Architecture students in the sacred space concentration had a unique chance to receive feedback from one of the world’s leading architects this fall.
Daniel Libeskind, architect of the World Trade Center master plan and the Jewish Museum in Berlin, spent several days on campus working directly with students as the 2019 Walton Critic and delivering a lecture as part of the school’s fall lecture series. In 2009, the Polish-American architect received the Incontro Con Gli Artisti award from Pope Benedict XVI, a special recognition for expressing faith through art.
“Without exaggeration, this is a once-in-a-lifetime opportunity for a student,” said Julio Bermudez, professor and director of the Cultural Studies and Sacred Space program. “Libeskind is one of the most recognized architects in the world today.”
As part of Libeskind’s visit, Bermudez’s students were asked to engage in “architectural meditation.” They reviewed specific pieces of art, poetry, and music, and prepared drawings, designs, and models to reflect the intersections and relationships they discovered.

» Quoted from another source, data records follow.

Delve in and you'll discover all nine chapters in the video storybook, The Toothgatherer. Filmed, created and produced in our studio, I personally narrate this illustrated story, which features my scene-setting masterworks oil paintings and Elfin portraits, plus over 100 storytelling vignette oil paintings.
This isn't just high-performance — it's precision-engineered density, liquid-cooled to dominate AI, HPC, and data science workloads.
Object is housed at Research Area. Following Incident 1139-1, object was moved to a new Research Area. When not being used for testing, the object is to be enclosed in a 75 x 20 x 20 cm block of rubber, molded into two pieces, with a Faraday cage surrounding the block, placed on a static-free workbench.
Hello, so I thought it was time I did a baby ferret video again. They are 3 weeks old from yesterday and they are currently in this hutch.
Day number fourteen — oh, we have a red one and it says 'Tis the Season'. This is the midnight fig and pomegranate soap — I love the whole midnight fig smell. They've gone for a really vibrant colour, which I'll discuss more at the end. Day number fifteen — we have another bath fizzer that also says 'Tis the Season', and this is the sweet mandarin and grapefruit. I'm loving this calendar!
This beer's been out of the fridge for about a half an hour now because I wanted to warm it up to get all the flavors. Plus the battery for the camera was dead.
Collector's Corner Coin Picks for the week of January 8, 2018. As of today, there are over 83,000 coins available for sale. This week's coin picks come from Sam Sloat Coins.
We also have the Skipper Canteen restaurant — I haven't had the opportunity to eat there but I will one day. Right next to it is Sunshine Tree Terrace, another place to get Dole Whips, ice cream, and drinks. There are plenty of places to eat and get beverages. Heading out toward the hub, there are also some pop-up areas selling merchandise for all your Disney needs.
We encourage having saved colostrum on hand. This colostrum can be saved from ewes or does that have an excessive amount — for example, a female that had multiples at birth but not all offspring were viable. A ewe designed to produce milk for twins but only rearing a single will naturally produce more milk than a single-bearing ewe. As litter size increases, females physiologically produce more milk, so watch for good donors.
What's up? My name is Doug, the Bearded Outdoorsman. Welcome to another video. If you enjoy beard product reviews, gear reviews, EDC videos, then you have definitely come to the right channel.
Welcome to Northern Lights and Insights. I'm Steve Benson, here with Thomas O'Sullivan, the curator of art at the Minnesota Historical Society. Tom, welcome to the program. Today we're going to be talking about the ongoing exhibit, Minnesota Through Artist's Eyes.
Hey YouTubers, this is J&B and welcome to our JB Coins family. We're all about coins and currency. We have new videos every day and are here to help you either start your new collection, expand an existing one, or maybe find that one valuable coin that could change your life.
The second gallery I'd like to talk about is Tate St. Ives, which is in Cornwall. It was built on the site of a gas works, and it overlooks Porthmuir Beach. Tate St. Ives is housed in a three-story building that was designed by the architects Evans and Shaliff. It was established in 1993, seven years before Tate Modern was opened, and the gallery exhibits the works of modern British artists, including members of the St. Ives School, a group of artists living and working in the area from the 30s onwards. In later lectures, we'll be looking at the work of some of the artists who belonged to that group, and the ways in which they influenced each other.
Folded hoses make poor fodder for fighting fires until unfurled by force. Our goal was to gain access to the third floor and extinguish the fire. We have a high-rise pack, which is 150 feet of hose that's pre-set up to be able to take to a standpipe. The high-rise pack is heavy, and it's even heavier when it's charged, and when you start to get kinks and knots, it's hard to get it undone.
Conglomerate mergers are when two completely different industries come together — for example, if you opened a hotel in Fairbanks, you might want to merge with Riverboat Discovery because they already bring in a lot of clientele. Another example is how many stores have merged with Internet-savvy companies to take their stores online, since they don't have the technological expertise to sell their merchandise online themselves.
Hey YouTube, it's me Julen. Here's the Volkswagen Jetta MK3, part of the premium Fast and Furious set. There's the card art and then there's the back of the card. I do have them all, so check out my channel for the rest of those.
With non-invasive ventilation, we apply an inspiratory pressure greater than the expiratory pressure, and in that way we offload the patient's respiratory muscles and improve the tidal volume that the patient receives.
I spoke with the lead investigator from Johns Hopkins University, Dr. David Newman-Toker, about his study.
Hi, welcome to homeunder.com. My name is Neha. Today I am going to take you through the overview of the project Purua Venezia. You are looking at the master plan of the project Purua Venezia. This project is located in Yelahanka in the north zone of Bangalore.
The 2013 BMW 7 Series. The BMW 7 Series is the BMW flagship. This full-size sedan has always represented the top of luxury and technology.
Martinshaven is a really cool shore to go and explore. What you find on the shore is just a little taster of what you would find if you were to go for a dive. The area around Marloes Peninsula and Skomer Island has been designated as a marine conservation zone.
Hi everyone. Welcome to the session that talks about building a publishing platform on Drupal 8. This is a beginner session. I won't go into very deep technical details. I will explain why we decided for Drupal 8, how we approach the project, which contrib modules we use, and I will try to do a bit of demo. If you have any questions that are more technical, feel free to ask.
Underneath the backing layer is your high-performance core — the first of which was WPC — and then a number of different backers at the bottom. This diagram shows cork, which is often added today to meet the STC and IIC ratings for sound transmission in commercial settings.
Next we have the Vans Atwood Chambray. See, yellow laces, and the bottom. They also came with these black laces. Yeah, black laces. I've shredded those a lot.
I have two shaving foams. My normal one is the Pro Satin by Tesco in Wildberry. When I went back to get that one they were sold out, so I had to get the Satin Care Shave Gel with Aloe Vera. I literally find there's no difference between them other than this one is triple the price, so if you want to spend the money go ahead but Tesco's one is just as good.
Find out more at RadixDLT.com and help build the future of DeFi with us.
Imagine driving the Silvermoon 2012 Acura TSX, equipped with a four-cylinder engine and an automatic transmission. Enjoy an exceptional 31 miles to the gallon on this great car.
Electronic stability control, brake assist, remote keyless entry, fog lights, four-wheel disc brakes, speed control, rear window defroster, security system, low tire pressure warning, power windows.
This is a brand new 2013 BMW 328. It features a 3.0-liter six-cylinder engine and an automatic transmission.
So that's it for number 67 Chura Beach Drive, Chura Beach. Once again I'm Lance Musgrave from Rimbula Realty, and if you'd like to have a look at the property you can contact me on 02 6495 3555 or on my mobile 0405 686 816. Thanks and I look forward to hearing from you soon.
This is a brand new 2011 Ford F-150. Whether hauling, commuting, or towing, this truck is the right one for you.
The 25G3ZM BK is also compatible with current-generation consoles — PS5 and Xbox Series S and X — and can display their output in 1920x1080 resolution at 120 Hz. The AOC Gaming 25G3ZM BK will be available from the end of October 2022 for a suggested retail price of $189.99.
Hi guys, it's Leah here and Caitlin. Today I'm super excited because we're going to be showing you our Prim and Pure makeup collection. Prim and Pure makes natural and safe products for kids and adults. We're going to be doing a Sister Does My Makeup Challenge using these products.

They had two days to prepare for a design charrette where they presented their meditations to Libeskind.
“Some people spend all their lives in this profession and never have an opportunity like this,” said graduate student Cesar Chirinos-Garcia.
After Chirinos-Garcia and his partner presented, Libeskind told the students, “I’m always interested in the gap between your words and the design object. In architecture, you’re not there to explain it. Architecture is just ... in space and it’s public. There’s no one to say something about what it is.”
Throughout his feedback, Libeskind called on concepts from philosophy and theology and invited the students to reflect on how they related to their “creations” in architecture. “You are making something,” he said. “Make it the best possible model.”
“Where I only see mist, he sees it built,” said Chirinos-Garcia. Libeskind told him after his presentation that he could see the building that is coming, and encouraged the student to look for architectural masters to study.
Although Chirinos-Garcia referred to working with Libeskind as a “gift” and a “blessing,” he was not particularly intimidated by the industry leader. “I felt invited to share my experiences and my views with another human being as interested in knowledge as I am,” he said. Thanks to the guidance of Professor Bermudez ahead of the design charrette, Chirinos-Garcia said he felt prepared for the visit.
Bermudez says he was able to convince the architect to visit campus because of the track record of prior Walton Critics — Alberto Campo Baeza, Juhani Pallasmaa, and Eliana Bormida — and the emphasis on meaning and spirituality in the program.
Working so closely with renowned practitioners is only available at some Ivy League schools, Bermudez says. But he believes the way the program addresses human flourishing as it relates to culture and spirituality “is truly unique to Catholic University.”
“With Libeskind, I learned that an architect must have freedom to explore every single form in the infinite repository of the subconscious, but the real challenge resides in being able to express it in the correct architectural language; one that being faithful to the initial vision, respects the order and rules of architecture,” Chirinos-Garcia said. “That is hard to achieve, and great discipline and work must be employed to that end.”